The star of "Deuce Bigalow: Male Gigolo" has finally weighed in on the government's role in vaccinating children. And he's not happy.
In an interview with a California news station (watch above), comic actor Rob Schneider, whose sitcom "¡Rob!" was recently canceled by CBS, inveighed against a new state law that would require parents to obtain a physician's signature in order to prevent their child from receiving vaccinations.
Talking to News10 Sacramento, Schneider also endorsed the widely discredited theory that vaccines cause autism, and railed against what he sees as government overreach.

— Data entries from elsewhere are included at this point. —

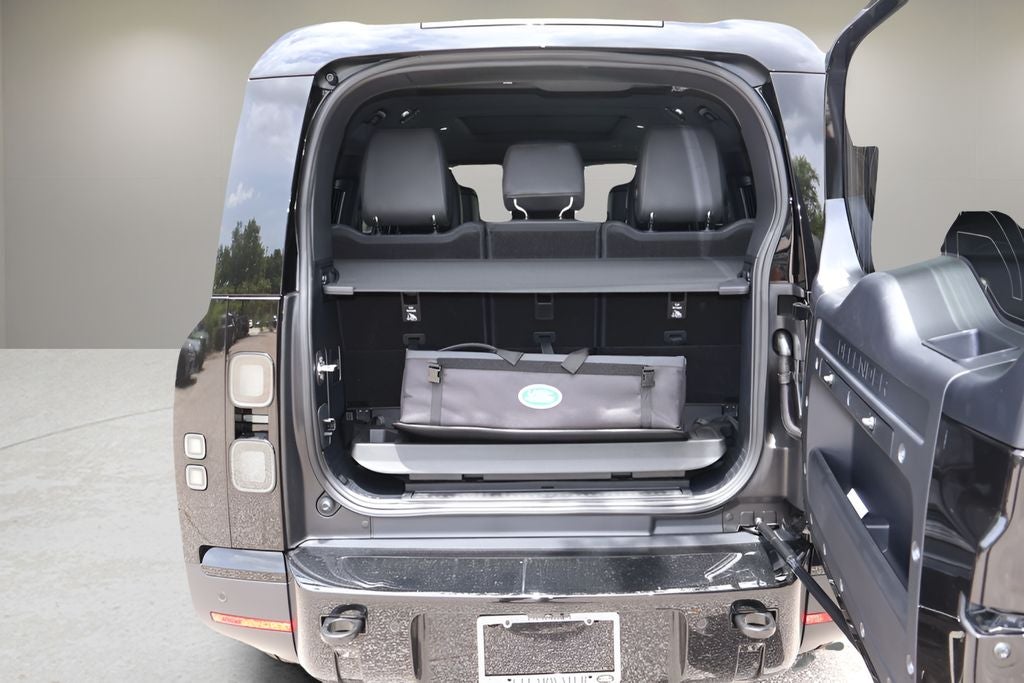 2026 Land Rover Defender 130 S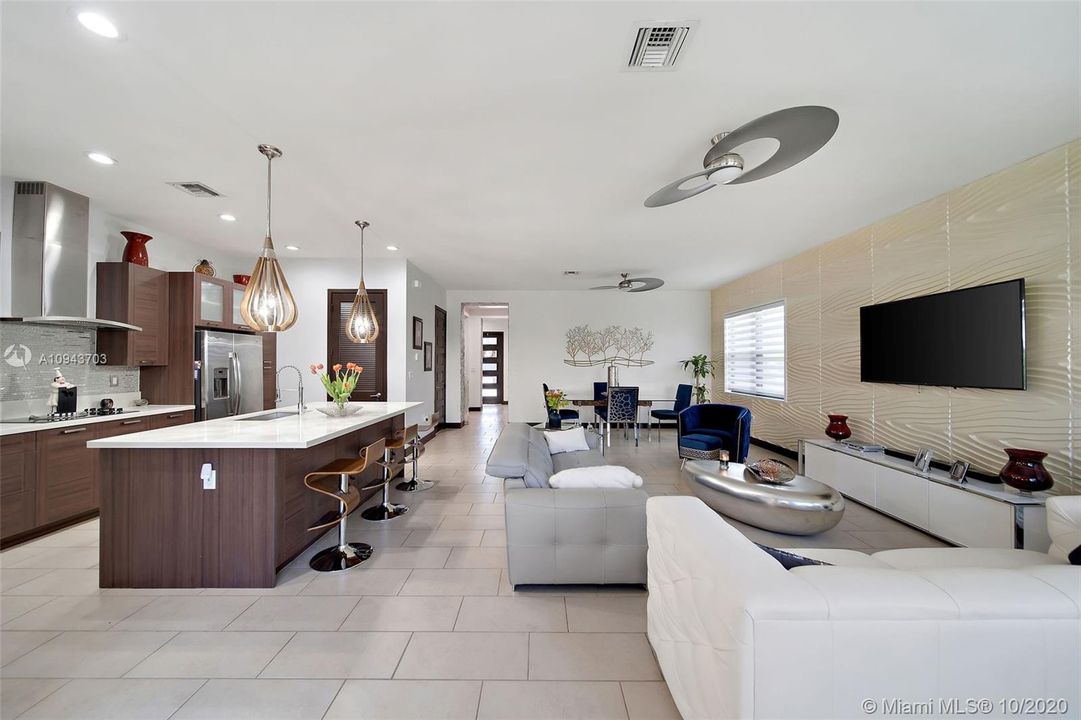 Vendido Recientemente: $475,000 (3 camas, 2 baños, 1977 Pies cuadrados)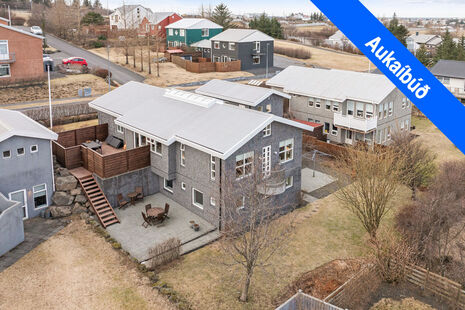 Efstahlíð 8, Hafnarfjörður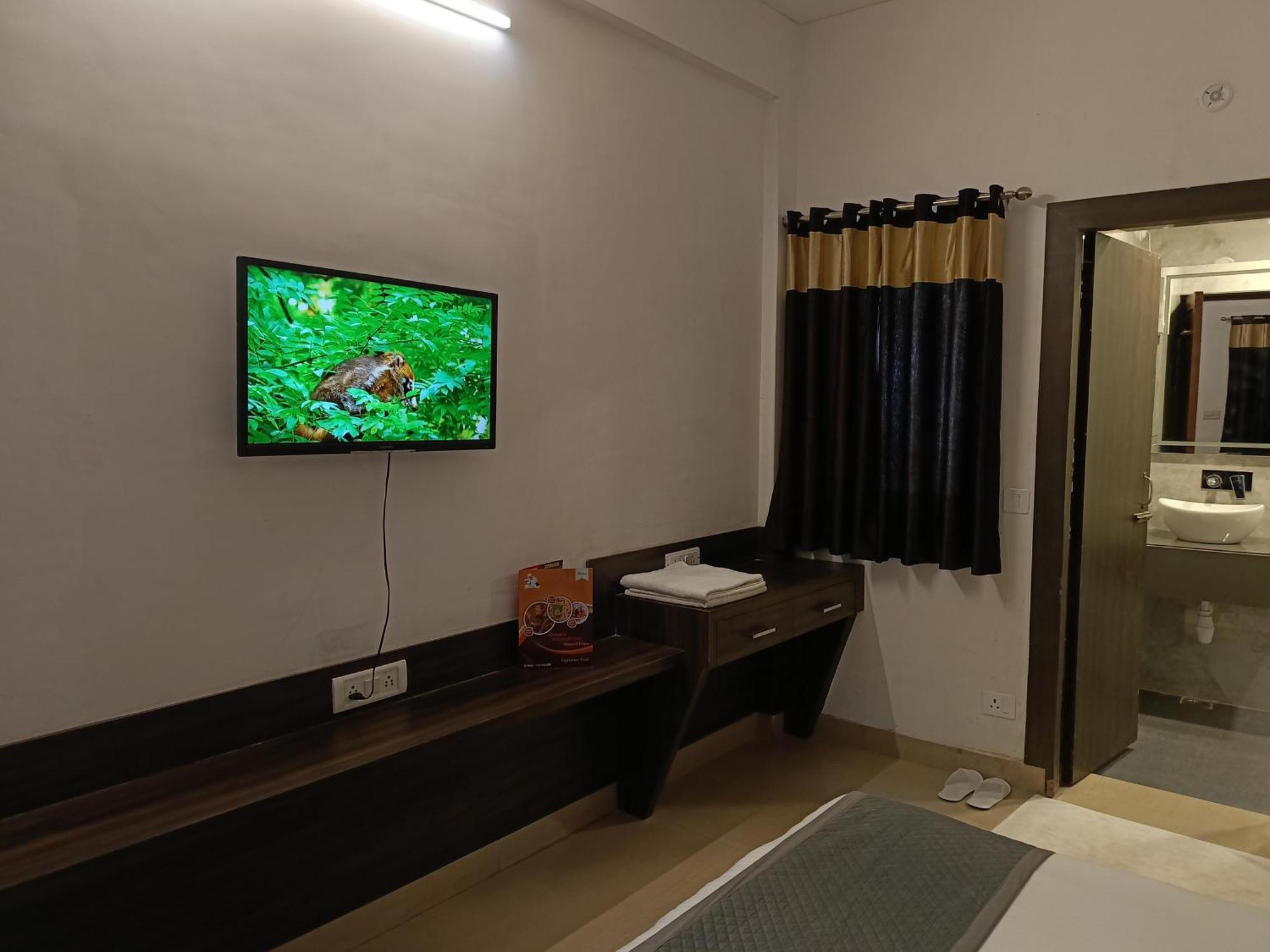 Hotel Shyam Palace India Agra Agra  Buitenkant foto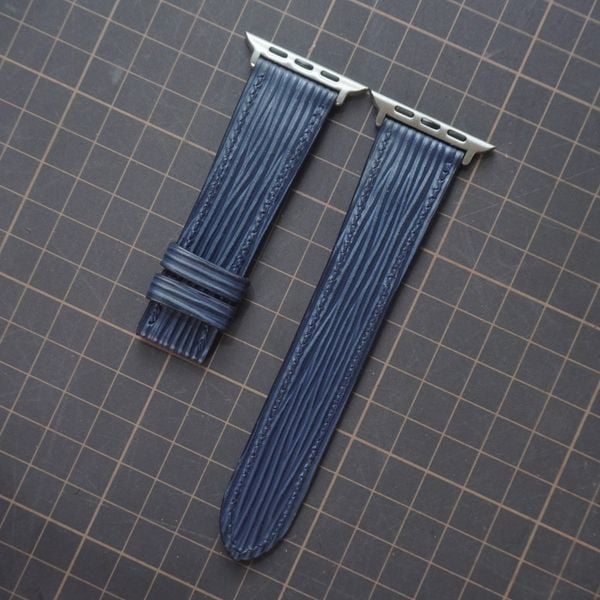  Dây Apple Watch da LV Epi màu xanh navy 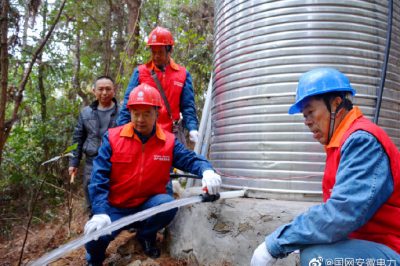 潛山市供電公司對(duì)飲水工程安裝好電表
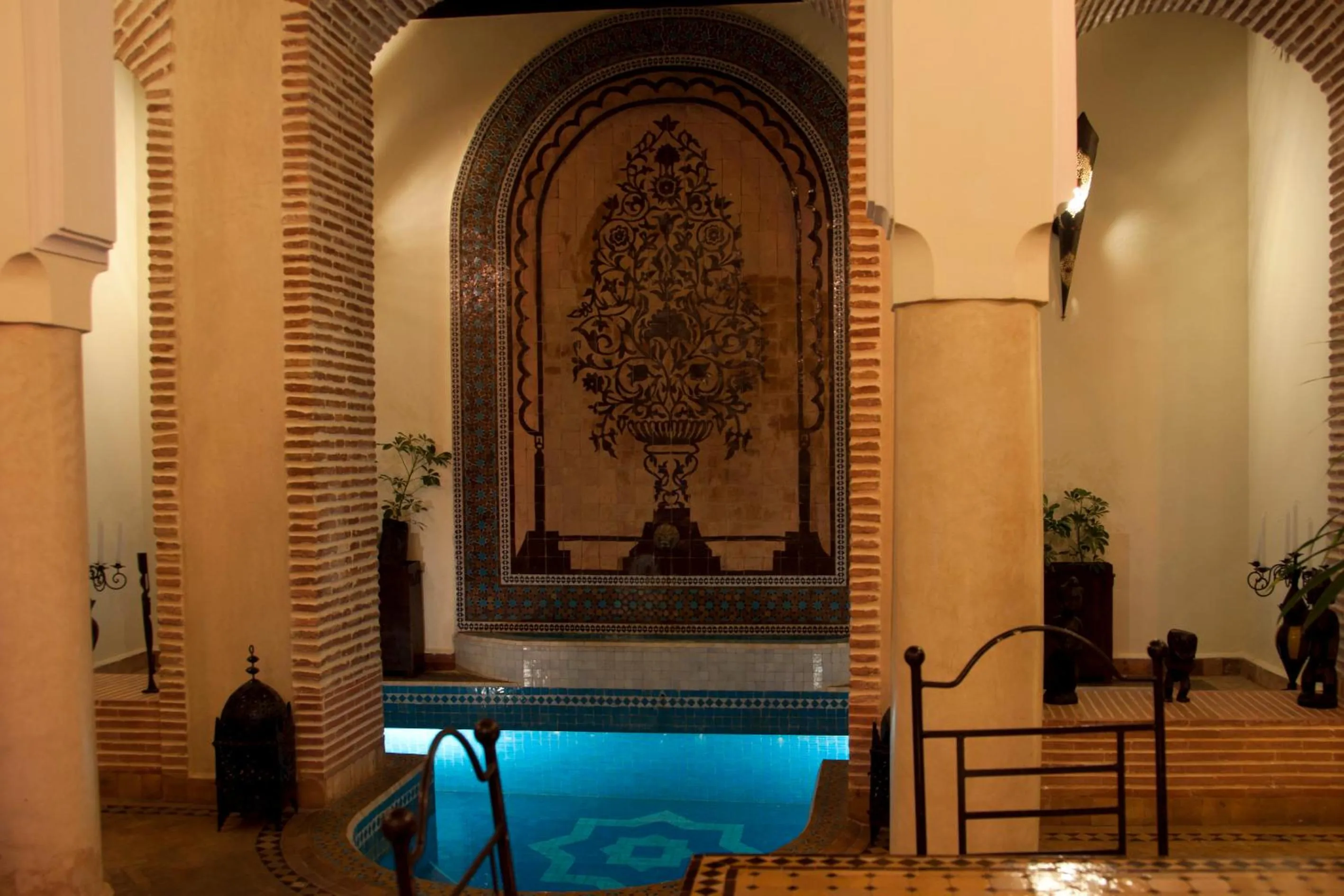 Swimming pool in Riad Les Trois Palmiers El Bacha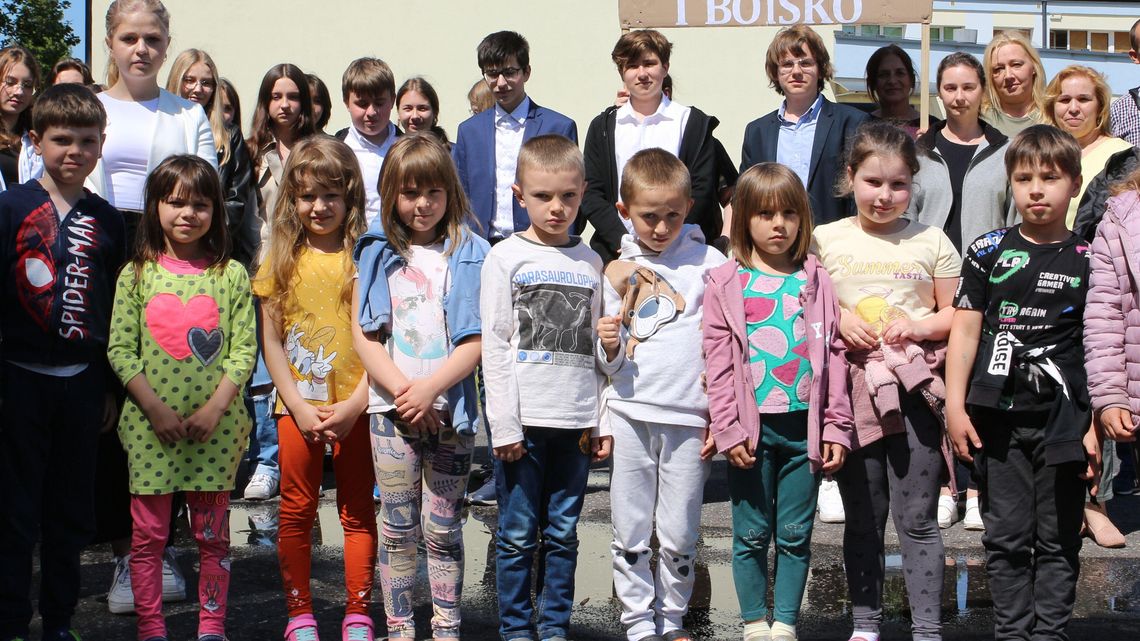 12 milionów przepadnie, bo prezydent nie chce dołożyć na boiska. Szkoła zbiera sama i ma wsparcie gwiazd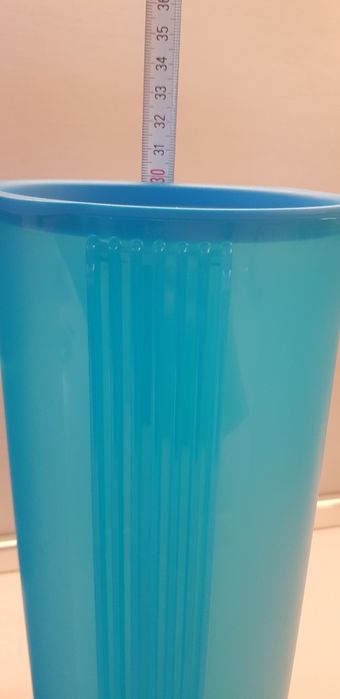 4 контейнера Tupperware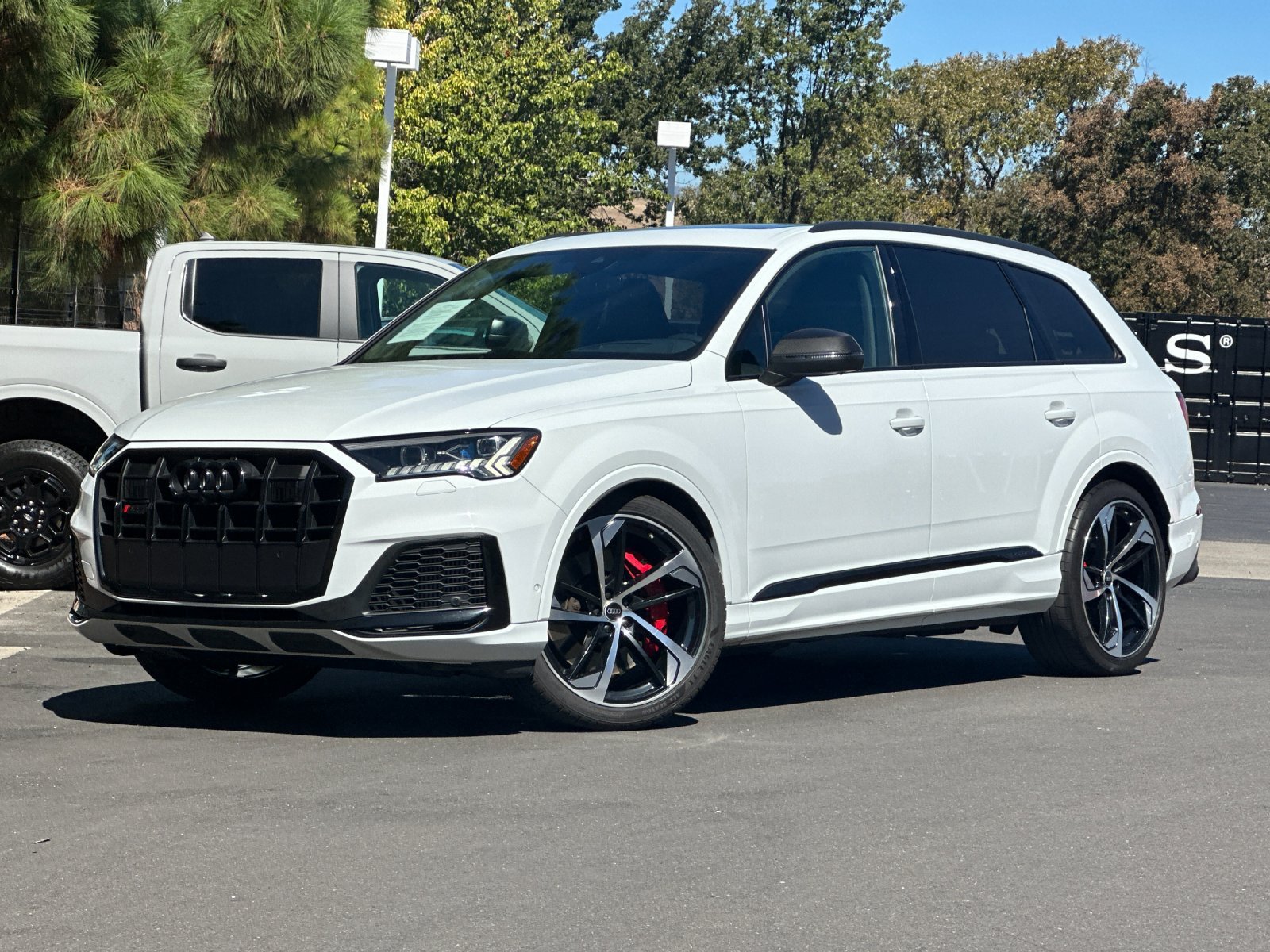 Used 2023 Audi SQ7 Prestige w/ Prestige Package AWD/4WD image 2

"It's illegal," Schneider said. "You can't make people do procedures that they don't want. The parents have to be the ones who make the decisions for what's best for our kids. It can't be the government saying that. It's against the Nuremberg Laws." (Schneider likely means the UN's Nuremberg Principles, which dictate an individual's responsibility to follow government orders; the Nuremberg Laws were a series of anti-semitic statutes passed by Nazis.)
On the topic of vaccine safety, Schneider said, "The doctors are not gonna tell you both sides of the issue... they're told by the pharmaceutical industry, which makes billions of dollars, that it's completely safe."
"The efficacy of these shots have not been proven," he later continued. "And the toxicity of these things -- we're having more and more side effects. We're having more and more autism."
The supposed link between autism and vaccines has been disproven time and again. But celebrities-turned-advocates like Jenny McCarthy have kept the idea alive , and many Americans still believe in a correlation.
Schneider is just the latest "Saturday Night Live" alum to air political grievances in public. Jon Lovitz and outspoken conservative Victoria Jackson have both made headlines for criticizing President Obama in recent months.